### ABOUT THIS TASK
Lines to return, exactly: from the line with "Ανδρικά μπλε oxford" to the line with "Fabia Midi Dress" in the entries below, both included.
|---|
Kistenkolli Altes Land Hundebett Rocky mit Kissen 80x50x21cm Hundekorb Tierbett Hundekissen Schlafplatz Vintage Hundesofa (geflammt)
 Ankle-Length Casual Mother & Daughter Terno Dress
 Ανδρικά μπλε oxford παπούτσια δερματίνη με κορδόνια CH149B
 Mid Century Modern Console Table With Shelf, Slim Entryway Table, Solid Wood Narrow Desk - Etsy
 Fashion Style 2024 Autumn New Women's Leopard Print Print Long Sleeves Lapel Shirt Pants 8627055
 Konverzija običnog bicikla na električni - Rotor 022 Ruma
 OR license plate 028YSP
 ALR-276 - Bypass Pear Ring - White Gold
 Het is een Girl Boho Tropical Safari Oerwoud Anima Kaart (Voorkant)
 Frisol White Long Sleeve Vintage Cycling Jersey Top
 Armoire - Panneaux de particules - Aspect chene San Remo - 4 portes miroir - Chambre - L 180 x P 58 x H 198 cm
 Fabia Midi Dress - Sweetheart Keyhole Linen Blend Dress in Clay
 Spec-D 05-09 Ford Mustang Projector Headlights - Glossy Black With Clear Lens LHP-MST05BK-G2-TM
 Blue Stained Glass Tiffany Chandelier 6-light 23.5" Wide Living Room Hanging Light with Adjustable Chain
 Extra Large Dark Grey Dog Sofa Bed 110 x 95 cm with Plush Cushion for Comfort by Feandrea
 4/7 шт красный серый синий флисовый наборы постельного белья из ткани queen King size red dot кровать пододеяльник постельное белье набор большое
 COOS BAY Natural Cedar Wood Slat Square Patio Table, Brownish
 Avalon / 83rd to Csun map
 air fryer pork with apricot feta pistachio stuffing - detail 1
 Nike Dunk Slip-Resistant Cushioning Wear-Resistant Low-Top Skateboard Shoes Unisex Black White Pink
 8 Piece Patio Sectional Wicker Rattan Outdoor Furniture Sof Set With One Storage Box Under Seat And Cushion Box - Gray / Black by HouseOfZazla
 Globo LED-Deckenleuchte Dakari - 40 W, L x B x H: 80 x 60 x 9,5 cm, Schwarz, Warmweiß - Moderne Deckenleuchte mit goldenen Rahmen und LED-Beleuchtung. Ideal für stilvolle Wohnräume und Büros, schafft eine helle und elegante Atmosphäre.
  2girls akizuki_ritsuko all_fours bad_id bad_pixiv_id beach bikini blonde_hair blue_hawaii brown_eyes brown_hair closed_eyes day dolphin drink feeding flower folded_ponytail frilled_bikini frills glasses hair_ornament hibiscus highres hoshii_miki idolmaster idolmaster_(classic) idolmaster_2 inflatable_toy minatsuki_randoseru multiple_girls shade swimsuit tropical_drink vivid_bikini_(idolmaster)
|---|
### ANSWER FOR THE TASK
 Ανδρικά μπλε oxford παπούτσια δερματίνη με κορδόνια CH149B
 Mid Century Modern Console Table With Shelf, Slim Entryway Table, Solid Wood Narrow Desk - Etsy
 Fashion Style 2024 Autumn New Women's Leopard Print Print Long Sleeves Lapel Shirt Pants 8627055
 Konverzija običnog bicikla na električni - Rotor 022 Ruma
 OR license plate 028YSP
 ALR-276 - Bypass Pear Ring - White Gold
 Het is een Girl Boho Tropical Safari Oerwoud Anima Kaart (Voorkant)
 Frisol White Long Sleeve Vintage Cycling Jersey Top
 Armoire - Panneaux de particules - Aspect chene San Remo - 4 portes miroir - Chambre - L 180 x P 58 x H 198 cm
 Fabia Midi Dress - Sweetheart Keyhole Linen Blend Dress in Clay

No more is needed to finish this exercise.